Certaintly a PC booting from the BIOS a write-protected media
into an IP handler with that is it's own OS would be a more
secure machine.  The ruleset could be modified on a seperate
machine, the software compiled, and then burnt onto a bootable
CD.

In terms of declaring your OS your BIOS, and booting unix on top
of it with it's IP stack and calling that a firewall process... that's a
bit too much extra code to be fair I think.  YMMV.

I'd be willing to listen to alternative definitions.

Well, a packet filter is a gizmo that filters packets --- lets some
through,
blocks others.

Unmodified.

A stateful packet filter does the same, with a scratchpad so it
can check to see if connections have been established before deciding
whether
or not to pass a given packet.

But what about implementations that modify them or buffer them?

NAT is separately implemented, and requires
rewriting some bits of the header and examining the payload looking for
PORT
commands to rewrite (unreliably, because a PORT command could in theory
straddle multiple packets).

Yes, and they handle it just fine when it straddles multiple packets
because
they can modify application protocols as a stream, much like an AG.

By contrast an application gateway reassembles the
whole data payload, lets a proxy make judgements about the appropriateness
of
the content, perhaps rewrites the payload to e.g. strip applets, then
regenerates the packet stream with brand new packet headers with the fresh
payload.

The PIX will also strip applets, using (I believe) SPF mechanisms.  Any
Cisco
developers that want to comment?

A packet filter is deciding whether to let certain packets go by, and
perhaps
dinking with some of their bits.

Plain PFs, yes.

An application gateway is the endpoints of
two separate conversations; it's a hardened host running proxies, where a
proxy is a server that gets it content by turning around and acting like a
client.

This glosses over all the details of what it means to be an "endpoint."

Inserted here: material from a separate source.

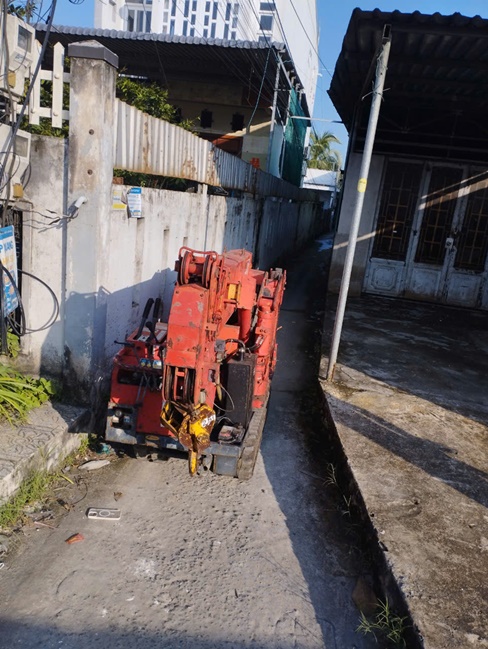 Nhật Ký Quá Trình Lắp Đặt Mộ Tháp Lưu Giữ Tro Cốt Cái Bè Tiền Giang 5 - Đá mỹ nghệ Hoa Lư rotbot tuy rong 80 cm nhung lai rat duoc viec 2 - Đá mỹ nghệ Hoa Lư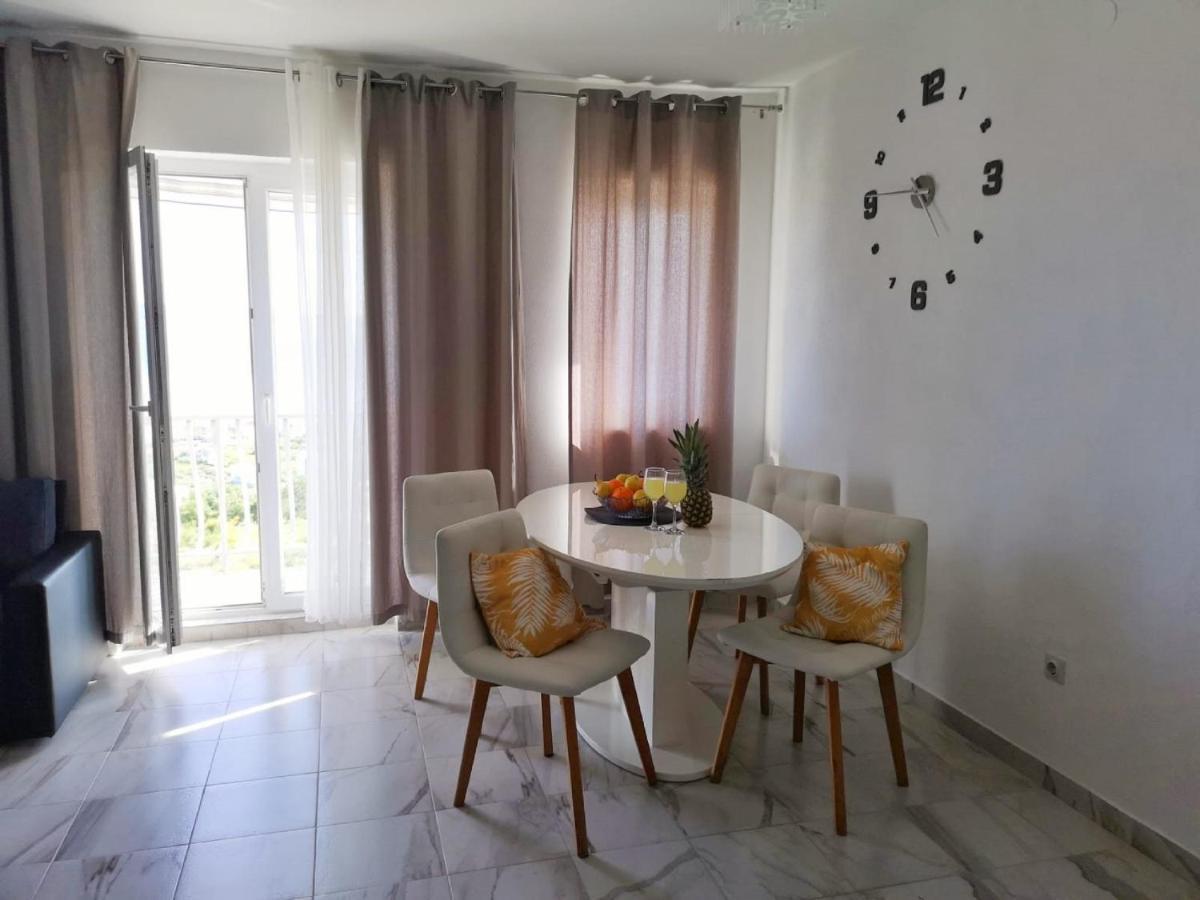 Apartment Wish Podstrana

To the degree that they're modifying and rewriting packets, they aren't
acting
as packet filters, they've had other features added on.

Yes, now they are stateful packet filters.

If you want to do the
job of an application gateway, then call the result an application
gateway.

So, you're claiming if the result is the same on the wire, then it's
an AG regardless of the mechanism used to accomplish that?
I've tried making that point before in the past... other folks didn't
care for it.

If
you think you've got a way better architecture for implementing it than
simple, carefully-written proxies atop a good well-hardened OS like BSDI
or
OpenBSD or DG's B2 Unix (Hi there!:-) then by all means, have at it. But
hearing you say ``SPFs are better than application gateways. When I say
SPFs,
I don't mean anything like any current product, I mean a rewrite of the
entire
functionality of the IP stack plus proxies in some new fashion'' ---
somewhow
that fails to capture my enthusiasm.

I don't claim they're better.  Given the current "state-of-the-art"
SPF-like
products on the market, they're certainly not.  I claim they are equivalent
in capability (in theory) to AGs, and perhaps slightly more so since they
can be run in a different security context on the OS (OS being a full OS
like unix for my purposes) and perhaps have access to a little more
information,
which might be useful.  It may be useful to argue implementation details,
since that's where you'll get a good or bad product.

Not if the gateway has complete control of the networking. The sole job of
the
firewall is to own complete control of the networking, so it can enforce
security policy over the traffic between two or more other networks.

Sort of.  It's intention is to be a firewall and nothing else, but if
there's
a full OS underneath, I maintain that it's easier to compromise the
box, and once that's been done, to leverage it to cause trouble
for inside machines.

Why harder? The process he's just compromised is the one that _does_ talk
to
the networks, so what you've really done is let him have the whole OS,
which
you've renamed to be something else.

Two cases:  Either it's a real OS like unix, and it's harder because the
attacker can't use any unix tools on the gateway to attack the inside
machines, because you've ripped the IP stack out of the OS.  If the
OS consists entirely of the firewall process, and it's much easier to
secure because it's a vastly smaller codebase.

If he compromises your
complete-rewrite-of-the-entire-OS's-networking-stack
then he can talk to the machines that the firewall is supposed to be
protecting, and hence has bypassed the protection of the firewall, no?

Of course.  The issue was how much harder, if any, would that be.